BALLINA MP Tamara Smith said she thought former prime minister Tony Abbott's call for shark nets to return to the North Coast as "nothing more than a stunt".
Speaking on 2GB radio yesterday, Mr Abbott said if shark nets were good enough for beaches in Sydney and surrounds, then they should be satisfactory for the North Coast.
"If the meshing nets, which have done such a great job off Wollongong, Sydney and Newcastle beaches for about 80 years are good for those beaches, let's see those meshing nets extend to the North Coast," Mr Abbott said.
Ms Smith said it was all politics.
"I think it's part in parcel of the Coalition at the moment. They've just had a 29 per cent swing against them. You know when Tony's commenting it's all about trying to move them to the right.
"To me it's a very thinly veiled move to the right, because the science is clear cut.
"If you look at his modus operandi, (Mr Abbott) comes out and sledges when he think the Coalition isn't being right-wing enough and I think that's what he is doing here."
Mr Abbott's calls are at odds with the decision last month of Primary Industries Minister Niall Blair not to conduct a third North Coast meshing trial, after results showed SMART drumlines were more effective in targeting dangerous sharks.

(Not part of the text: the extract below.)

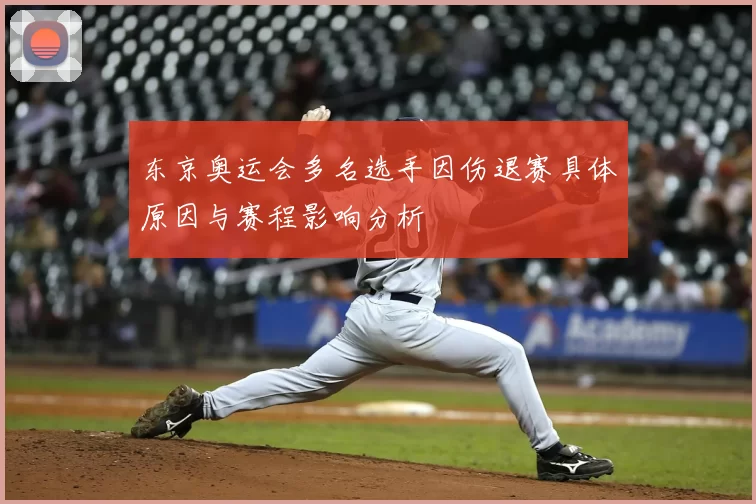 东京奥运会多名选手因伤退赛具体原因与赛程影响分析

"We're going off the numbers. The SMART drumlines have intercepted far many more target sharks than the nets," Mr Blair said last month after announcing the discontinuation of the meshing trial.

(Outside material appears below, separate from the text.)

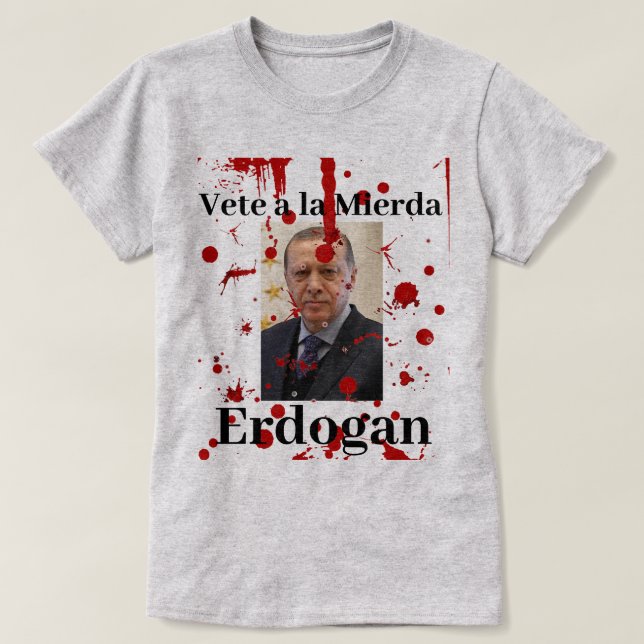 Vete a la Mierda Erdogan (Spanish)T-shirt T-Shirt (Design Front)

Meanwhile Nationals candidate for Ballina Ben Franklin challenged Mr Abbott's assertion, saying that North Coast beaches are different to those around Sydney, and thus need different protections.
"We know how effective SMART drumlines have been along the North Coast," Mr Franklin said.
"They're not used in Sydney, maybe Mr Abbott doesn't know about them. But they are very effective up on the North Coast...We still have the option to put back the shark nets if there is a necessity to do so."
Ms Smith said she thought SMART drumlines gave more knowledge about great whites and their behaviours and "drone technology was where we've landed".
"It's a pity the millions spent on nets could've done five or six years of shark watch in both Byron and Ballina shires," she said.